To the Cottesloe to see 'Some Trace of Her,' Katie Mitchell's adaptation of Dostoevsky's The Idiot. Katie's work is always bold and very often contentious, but I've been following her developmental approach to directing ever since Nick Hytner gave her a regular berth at the National.

This production furthers her experiment at fusing live and visual media performance with a text, a process she began with an adaptation of Virginia Woolf's - 'The Waves,' two years ago and followed up, less successfully in a larger space, with Martin Crimp's 'Attempts on her Life,' last year.

Our focus for the production is split. On the stage actors dressed in black rush around fixing video cameras, manipulating angle poise lamps, delivering text into microphones and creating simple stage effects, whilst above a screen translates out the chaos below in a seamless film noir version of the story.
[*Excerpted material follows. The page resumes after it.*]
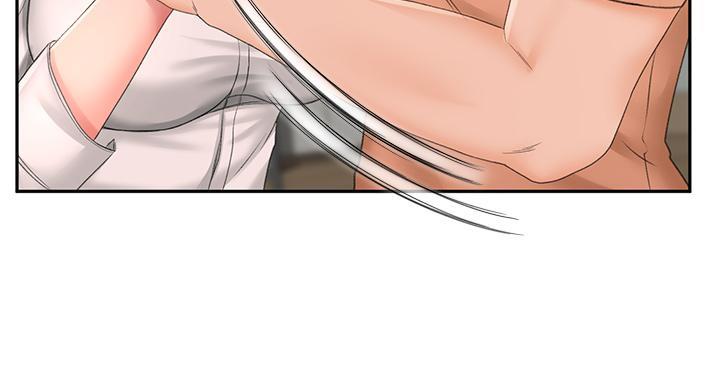 无尘剑道馆/剑道学姐漫画,第34话5图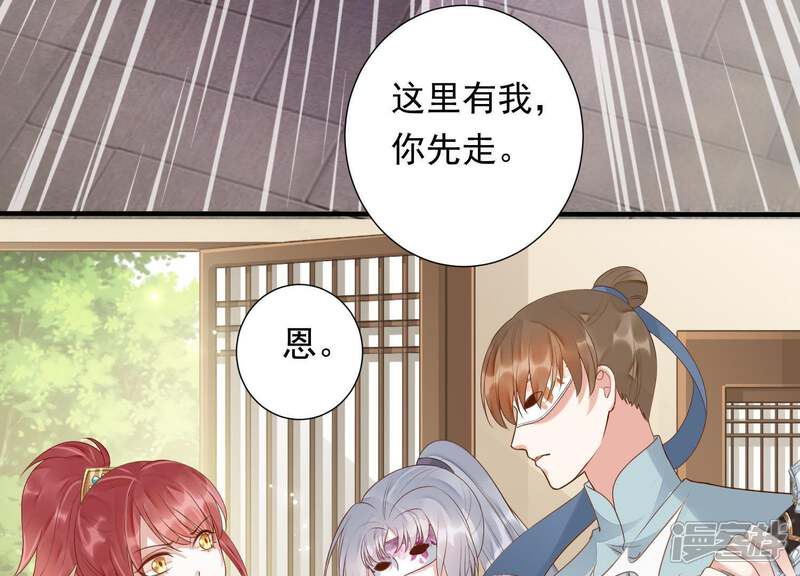 《知君深情不易》第79话 听闻你一夜御十男？ 第50页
Extreme close up means that if only a gloved hand is appearing in the film, the actor's costume will just be the glove, so that we gain a brutal understanding of the artifice as well as the art involved in creating the visual narrative of the story.

It's akin to watching a swan glide majestically along whilst also being aware of the turbulence underneath.

For my money Katie's the most cerebral director we've got at working in Britain at the minute and her new book The Director's Craft gives some indication to her precision and investment. Her thesis that Directors are generally under trained in our system is spelt out clearly both through her own Stanislavski inspired methodology and also her refusal to place a parameter on her and her actors pre-rehearsal research. It's not enough to guess the objectives for your character at any given moment - everything about the play must be known - past memories, as well as future desires. The actor mustn't think as an actor in 2008, but as the character in situ in his or her own context and that takes an awful lot of work to even get close.

Most directors, she suggests, fall into directing without understanding the work. They may achieve short term fashionable brilliance, but never spend time refining or questioning their craft in the way actors must. Nobody seems to divides audiences (or fellow directors) as she does and whether you love or are hostile to her work Katie is a positive provocation in our theatre. The bottom line is that more than anybody currently working in the mainstream she has a diligent, scientific approach and respect for her craft.